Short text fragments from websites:
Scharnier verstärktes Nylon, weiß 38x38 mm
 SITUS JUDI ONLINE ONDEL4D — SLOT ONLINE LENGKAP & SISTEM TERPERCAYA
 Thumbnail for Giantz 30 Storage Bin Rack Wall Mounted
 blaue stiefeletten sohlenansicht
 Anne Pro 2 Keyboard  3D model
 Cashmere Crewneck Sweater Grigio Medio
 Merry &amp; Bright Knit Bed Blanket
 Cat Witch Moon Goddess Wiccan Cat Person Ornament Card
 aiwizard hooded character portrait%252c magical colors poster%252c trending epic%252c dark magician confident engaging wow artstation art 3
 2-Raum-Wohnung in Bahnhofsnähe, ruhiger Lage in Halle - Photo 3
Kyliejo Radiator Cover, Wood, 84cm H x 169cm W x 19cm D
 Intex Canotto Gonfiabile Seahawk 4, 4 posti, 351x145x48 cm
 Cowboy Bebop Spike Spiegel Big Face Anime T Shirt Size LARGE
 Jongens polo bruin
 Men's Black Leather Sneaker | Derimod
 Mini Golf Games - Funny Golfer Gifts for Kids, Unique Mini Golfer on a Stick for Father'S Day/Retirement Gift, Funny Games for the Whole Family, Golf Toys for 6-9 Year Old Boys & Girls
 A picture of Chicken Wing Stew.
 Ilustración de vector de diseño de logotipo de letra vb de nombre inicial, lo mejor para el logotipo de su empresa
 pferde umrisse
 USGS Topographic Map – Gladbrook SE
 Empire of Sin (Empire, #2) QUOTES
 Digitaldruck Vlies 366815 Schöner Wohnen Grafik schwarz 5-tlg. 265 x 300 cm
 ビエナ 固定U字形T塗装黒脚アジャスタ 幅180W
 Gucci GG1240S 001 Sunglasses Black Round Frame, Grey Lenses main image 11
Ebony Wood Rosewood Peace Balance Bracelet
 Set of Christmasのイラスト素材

▶ Action item: Set down exactly what runs from the line containing "Ilustración de vector" through the last line above, both lines included.

▶ Task output:
 Ilustración de vector de diseño de logotipo de letra vb de nombre inicial, lo mejor para el logotipo de su empresa
 pferde umrisse
 USGS Topographic Map – Gladbrook SE
 Empire of Sin (Empire, #2) QUOTES
 Digitaldruck Vlies 366815 Schöner Wohnen Grafik schwarz 5-tlg. 265 x 300 cm
 ビエナ 固定U字形T塗装黒脚アジャスタ 幅180W
 Gucci GG1240S 001 Sunglasses Black Round Frame, Grey Lenses main image 11
Ebony Wood Rosewood Peace Balance Bracelet
 Set of Christmasのイラスト素材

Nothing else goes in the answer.